The government ordered internet services in some parts of the capital to be blocked, according to mobile carrier Vodafone Idea, in an attempt to prevent further unrest.
Breakaway protests condemned
Tens of thousands of farmers began the day in a convoy of tractors festooned with flags along the city's fringes.
But hundreds of protesters — some on horseback — broke away from approved routes, heading for government buildings in the city centre where the annual Republic Day parade of troops and military hardware was taking place.
They commandeered cranes and used ropes to tear down roadblocks, forcing constables in riot gear to give way, Reuters witnesses said. A second group rode tractors to a traffic junction, also breaching barricades after clashes with police.
Police accused those who diverged from the agreed routes of "violence and destruction."
"They have caused great damage to public property and many police personnel have also been injured," a police statement said.
Protest organizer Samyukt Kisan Morcha said the groups deviating from set routes did not represent the majority of farmers.
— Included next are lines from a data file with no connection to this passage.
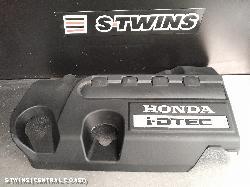 2014 Honda Crv Engine Cover Diesel 2.2 N22B4 Turbo Rm 01/14-10/14 0000258734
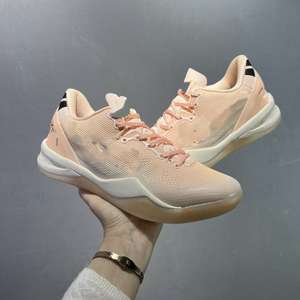 Baskets montantes de basketball unisexe, design amortissant, légères, en maille respirante, antidérapantes, rehaussantes, hiver - Product Image 4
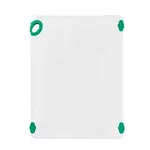 Winco CBN-1824GR Cutting Board, Plastic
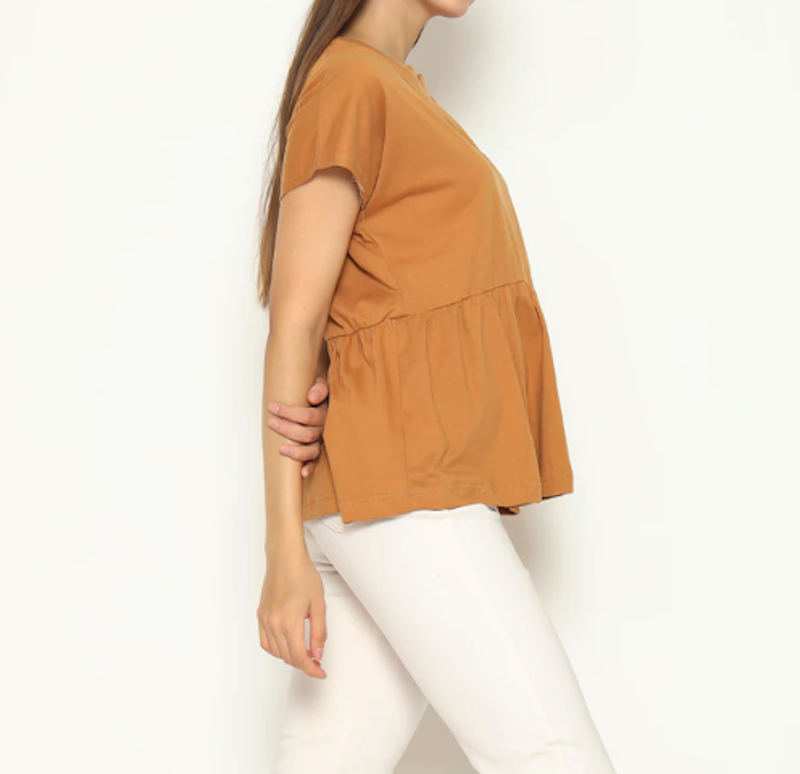 Rangkay Future T-Shirt Rampel Wangki V-neck 5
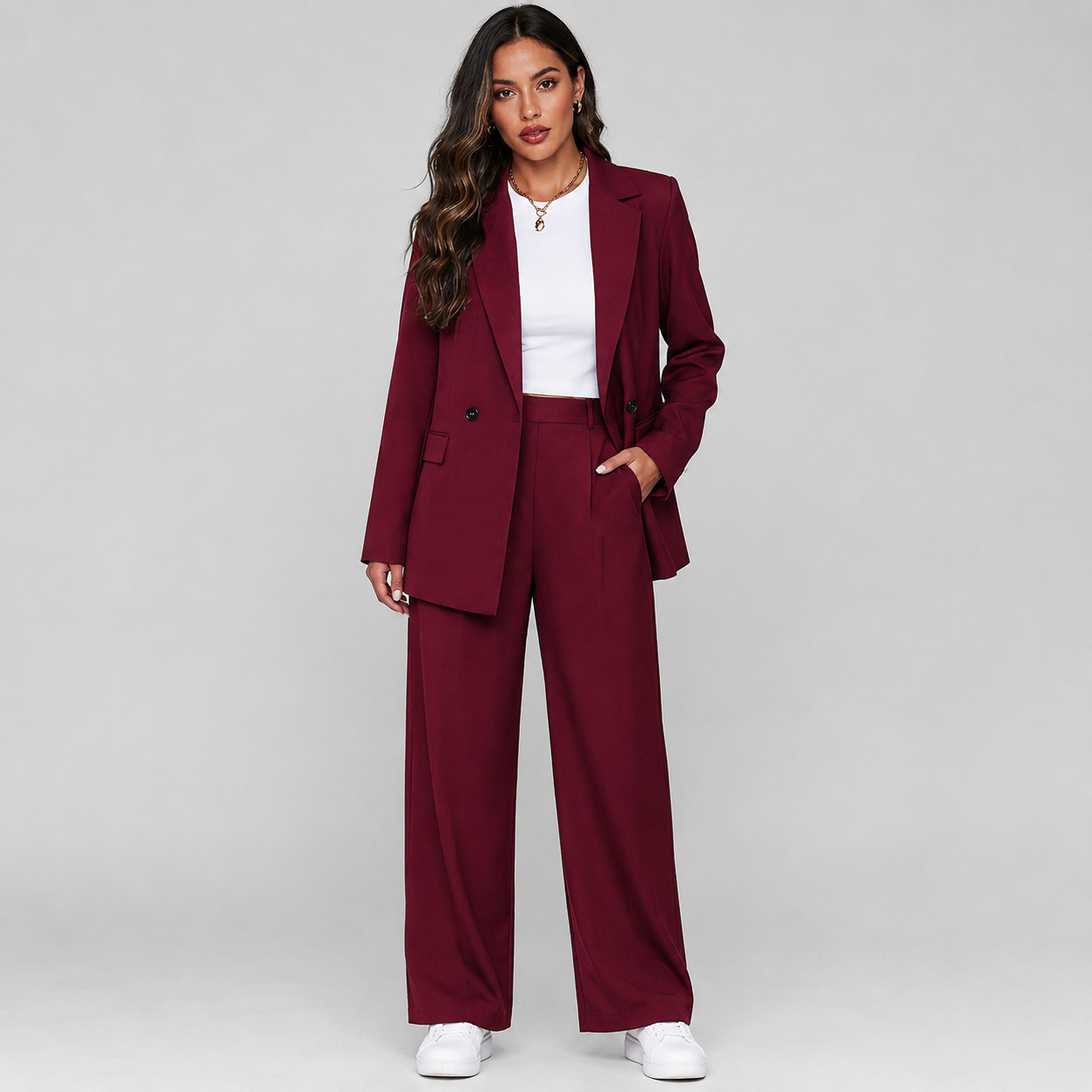Dark Red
"We also condemn and regret the undesirable and unacceptable events that have taken place today and dissociate ourselves from those indulging in such acts," the group of farm unions said in a statement.
Amarinder Singh, chief minister of Punjab state where many of the protesters came from, called the clashes "shocking."
"The violence by some elements is unacceptable," he said in a tweet. "It'll negate goodwill generated by peacefully protesting farmers."
Farmers' unrest concerns government
Agriculture employs about half of India's population of 1.3 billion, and unrest among an estimated 150 million landowning farmers worries the government.
Nine rounds of talks with farmers' unions have failed to end the protests, as farm leaders rejected the government's offer to delay the laws for 18 months, making a push for repeal instead.
"The farm organizations have a very strong hold," said Ambar Kumar Ghosh, an analyst at New Delhi think-tank the Observer Research Foundation.
"They have the resources to mobilize support, and to continue the protest for a long time. They have also been very successful in keeping the protest really focused."
India showcases its military hardware with a parade every year on Republic Day, which marks the adoption of its constitution in 1950.